November 26th, 2012
Use PR To Manage CSR And Your Corporate Reputation
This weekend I did another spot of CSR work for someone I’ve known for a while, giving my time to a good cause for free. For those of you reaching for your acronyms dictionary right now, CSR is Corporate Social Responsibility and, as usual, I’ve done a fair bit of it this year.
I’ve been up for auction to raise money for community projects in Scorton in the Forest of Bowland as part of the Bikes & Barrows Festival, I’ve created a unique PR payback scheme on the mileage I do in Cumbria to assist conservation and wildlife causes (Eden community projects and red squirrel conservation) and I’ve now assisted a medical charity with free press work for an awards scheme. I could also say that I’ve given free ideas to a number of organisations, but that’s because they pinched them – but not any more, and if you want to know why this is, get in touch with me!!! I have a product to put an end to intellectual property theft.

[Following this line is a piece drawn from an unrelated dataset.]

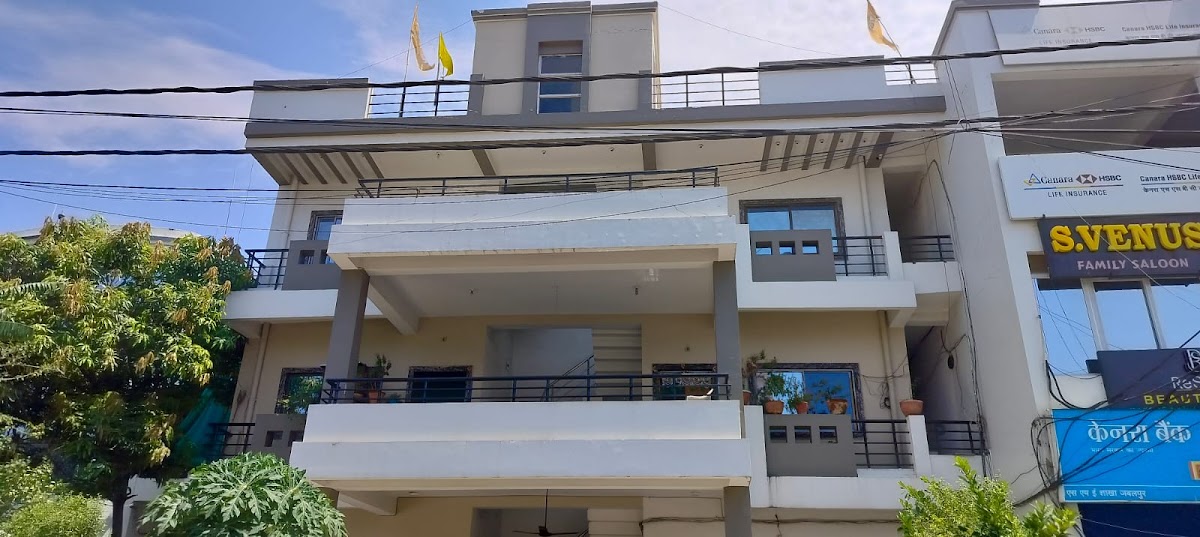 Lata girl's hostel – Girls PG in Jabalpur preview photo 1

But as usual, people say to me “why do you bother with CSR”? What’s the point of it? Isn’t it just a waste of your time and money?
To be honest, I don’t think it is and if my hero, Michael Phelps is doing it, there must be something in it. So much goodwill has emanated from the various CSR initiatives that I’ve run over the years that there definitely is a payback, even if it’s a slow burn at times. I suppose I’m biased, as I’ve done so much PR work in the field of CSR, managing the maximisation of British Gas’s national CSR programme, promoting Britannia Building Society’s in a former life and handling the promotion of initiatives from CIS and Yorkshire Building Society at Catapult – to name but a few.
I am currently promoting a variety of CSR initiatives that a Lancaster-based client runs – because they have the same ethical values as myself. Then, there’s Ullswater Steamers, who organise everything from ceilidh cruises to wildlife days as part of their ethical CSR policies. It’s wonderful to work with likeminded clients like this that believe in CSR and can see the bigger picture rather than thinking profit’s the bee all and end all and ‘who cares’ about corporate reputation. This mind-set might just find that not seeing the bigger picture bites them very hard at some point in the future, particularly if they lack transparency in their communications and dealings with third parties.
So do the figures stack up when it come to statistics and gains that can be achieved by following a CSR programme? This is something that I’m going to be creating a mini guide on, to launch by the middle of January, so watch this space. I’ll also be exploring the world of sports sponsorship in another guide coming out mid-January, so busy times ahead (that’s Christmas sorted out then!)
These are just a number of new initiatives that Catapult will be working on in the next couple of months, as we enter a new phase in our development and head towards our 15th anniversary, so keep a weather eye on the horizon, as they say in Pirates of the Caribbean!